Exemples d’études de prospects
Si vous avez eu le courage d’arriver jusqu’ici, vous avez un aperçu (un aperçu seulement), des avions de combat qui sont présents sur le marché, de qui les vendent, et à quelle sphère d’influence ils appartiennent. Maintenant, nous pouvons étudier au cas par cas, en prenant des exemples précis :
– Quelle est la position de chaque aéronef dans les pays qui seront cités, il faudra pour cela connaître le contexte géostratégique de ces pays
– L’état de leurs forces armées,
– Les moyens financiers qu’ils possèdent,
– Les missions réalisées par leurs armées de l’air respectives.
Les Emirats Arabes Unis
Très riche confédération d’états, les E.A.U. sont un des plus gros exportateurs de matière fossile au monde.
Situés dans une zone géopolitiquement très instable, les Émirats ont de grands besoins en matière de défense. Depuis l’invasion du Koweït en 1990, ils ont signé avec les USA un partenariat de défense de leur territoire, ainsi que différents accords, y compris dans des domaines sensibles, comme le nucléaire.

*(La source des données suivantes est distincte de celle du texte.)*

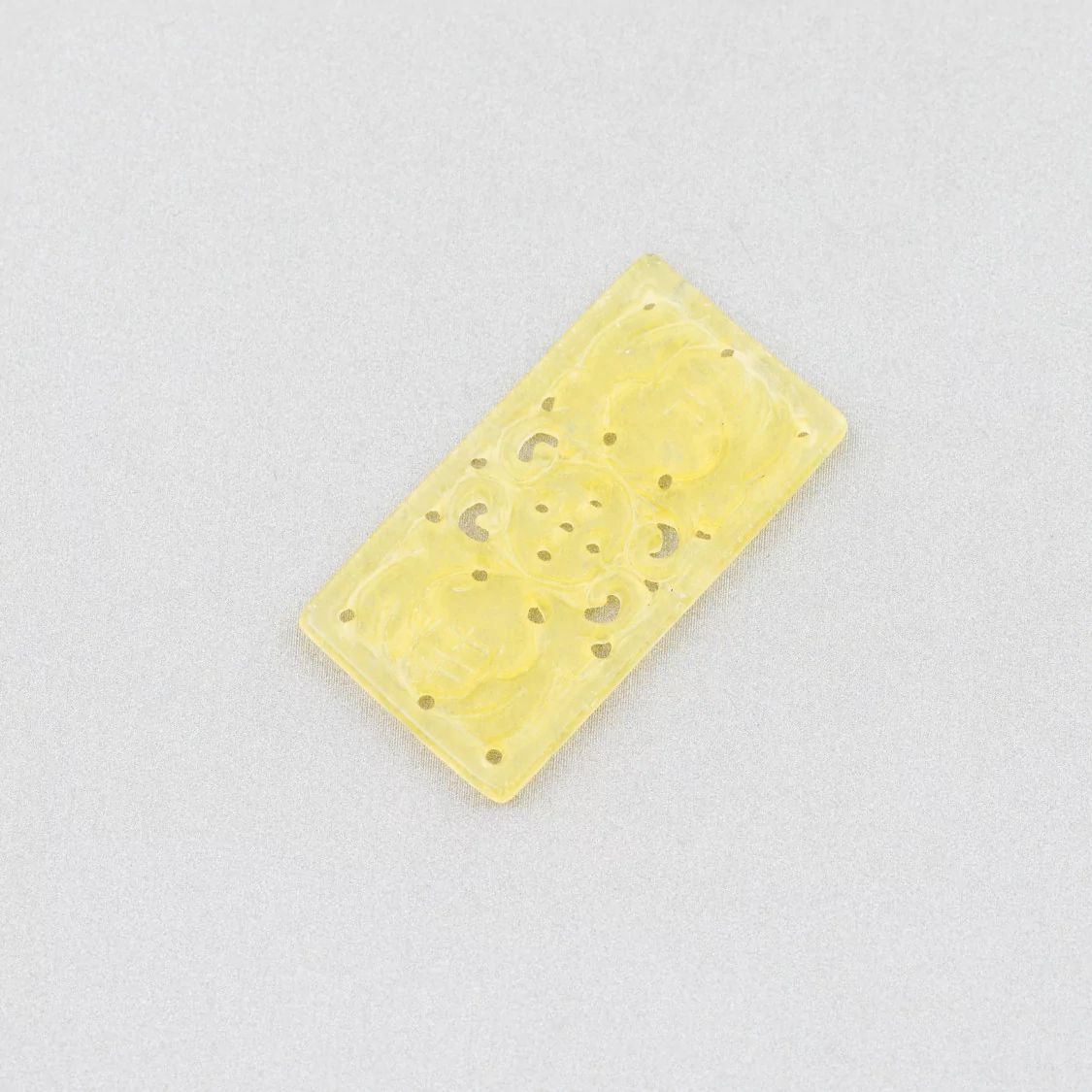 Componente Di Giada Burma Inciso Piastra 2pz Rettangolo 20x35mm Giallo-COMPONENTI DI GIADA BURMA | Worldofjewel.com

Les E.A.U. entretiennent également des relations très étroites avec la France, pays avec lequel un accord de coopération militaire existe depuis 1977. La coopération s’étend sur bien d’autres domaines tels que la culture, l’éducation ou l’économie, mais les relations dans le domaine de la défense prédominent dans le sujet que nous évoquons. En 2008, une implantation permanente a été créée aux E.A.U. par la France, complétant la base aérienne déjà existante par une base navale et un camp pour l’armée de terre.

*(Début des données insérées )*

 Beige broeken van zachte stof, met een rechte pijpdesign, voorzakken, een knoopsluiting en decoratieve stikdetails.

Conséquence, l’armée de l’air des Émirats, déjà une des mieux équipées du Moyen-Orient, est pourvue d’avions de combat d’origine américaine et française. F-16 Block 60 (61 unités désormais) et Mirage 2000-9 sont, pour chacun des avions, les variantes les plus évoluées, spécialement étudiées selon les desiderata des E.A.U.
Bien que ces avions soient très récents, les actualités concernant l’achat de nouveaux appareils inondent régulièrement les médias. C’est le cas de l’annonce de l’achat d’une trentaine de F-16 Block 61 supplémentaire en 2014, mais jamais concrétisée jusqu’à présent.

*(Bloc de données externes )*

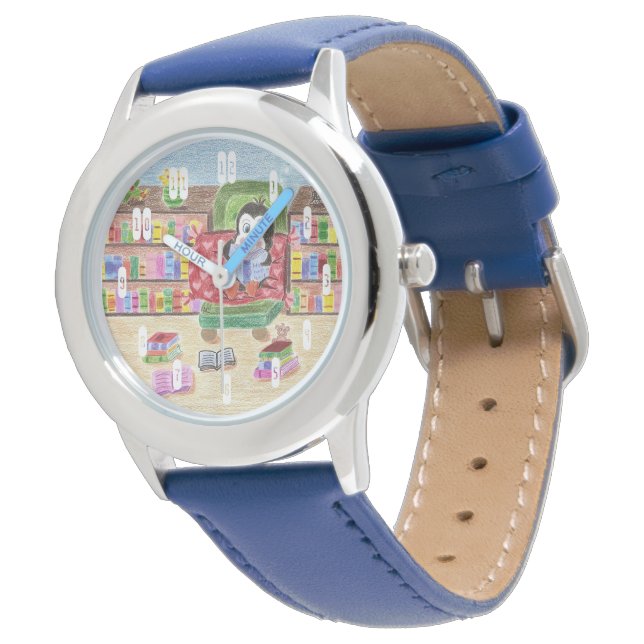 Reloj De Pulsera Mirada de niños pingüinos de lectura inteligente (Angular)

L’achat de Rafales est également régulièrement évoqué, à la façon d’un feuilleton à rebondissements. L’ancienne présidence de la République Française ayant peut être voulu forcer un peu la main, des déclarations cyniques ayant même été entendues de la part du Cheikh Mohammed Bin Zayed Al-Nahyane qui, en 2011 avait annoncé que l’offre française était “non compétitive et irréalisable”.
Depuis, les relations se sont heureusement réchauffées, et les récents succès de l’avion tricolore sont à mettre au crédit de ce dernier. Car les Émirats souhaitent s’équiper, d’une part pour augmenter leurs capacités, mais aussi afin de remplacer une partie des avions qui devront partir à la retraite d’ici une quinzaine d’années; c’est notamment le cas de la première trentaine de Mirage 2000 de première génération livrés au début des années 1990.
Les récentes annonces d’achat de F-16 supplémentaires ont créé beaucoup de réactions, dont certaines qui consisteraient à dire que les E.A.U. renoncent au Rafale. Pour les raisons déjà évoquées, cela n’est pas forcément le cas. Mais surtout, les E.A.U. ont toujours souhaité s’approvisionner auprès de deux sources différentes pour garder la maîtrise de leur aviation de combat, quel que soit le contexte. La démonstration de force réalisée par les E.A.U. lors d’un raid surprise en Libye en 2014, réalisé par leurs Mirage en a surpris plus d’un, à commencer par les USA, qui n’ont pas caché leur mécontentement de voir une telle action se dérouler sans leur consentement, et surtout sans qu’ils n’en soient informés par leurs propres services de renseignements. Chose irréalisable si les EAU l’avaient fait avec leurs F-16, dont les outils de préparation de missions (et pour ne citer qu’un seul exemple) sont utilisés en commun avec les américains présents sur place).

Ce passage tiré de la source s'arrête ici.